Abstract art: As the name defines it, artists here do not believe that showing specific objects is of importance. Shape, forms and colour thus take precedence and the flow of emotions is considered important. This has also been considered similar to non-figurative art, non objective art and other such styles.
Cubism: Here artists make use of geometric shapes to create images. Paintings often do not look real, but reflect the beauty of shapes. Led by artists like Picasso, these paintings focused on the art in shapes. Portraits were often deconstructed to the two-dimensional surface and diverse viewpoints considered for creating art.
Expressionism: More that the size and shape of the picture, artists here work to bring across expressions, and hence the name. Artists would thus penetrate into the inner state of things of the outer world.

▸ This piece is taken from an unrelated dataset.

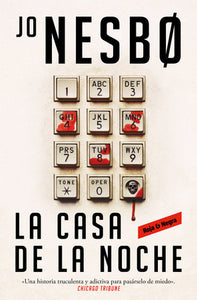 LA CASA DE LA NOCHE - Jo Nesbo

Fauvism: This art form made use of non-naturalistic colours with works often being painted directly from nature. These paintings used bright colours and forms, initially shocking viewers and causing critics to call them ‘les fauves’ or ‘wild beasts’. The art form emerged in Paris, and the pictures showcased individual artists’ strong personal feelings.
Pop Art: The abbreviation of popular art, pop art is a style that is bright, colourful and represents the true elements of an era of consumerism. Images are thus inspired from mediums like advertisements, newspaper headlines, comic strips, black and white pictures and also photographs.
Primitive arts: Also known as naïve arts, ethnographic arts, tribal arts, outsider arts or self-taught arts, here pictures look like they have been drawn by a child. The images may be religious or ceremonial in nature and can be on various mediums like stone walls, caves or wooden carvings. This form of art usually shows simple pictures without much artistic detailing.
Realism: Images in this form of art are made to appear as they actually are. This means that portraits or scenes are drawn as an objective reality that exists for a third person. Artists thus paint pictures with the right (rather believable) colour combinations to depict people, places or objects.
Other than the above forms of art, many more different styles also exist. Some of those overlap with the ones mentioned above, while many are new in presentation, style and form. In our further articles, we will discuss about more new forms. Till then, keep an eye out for the above.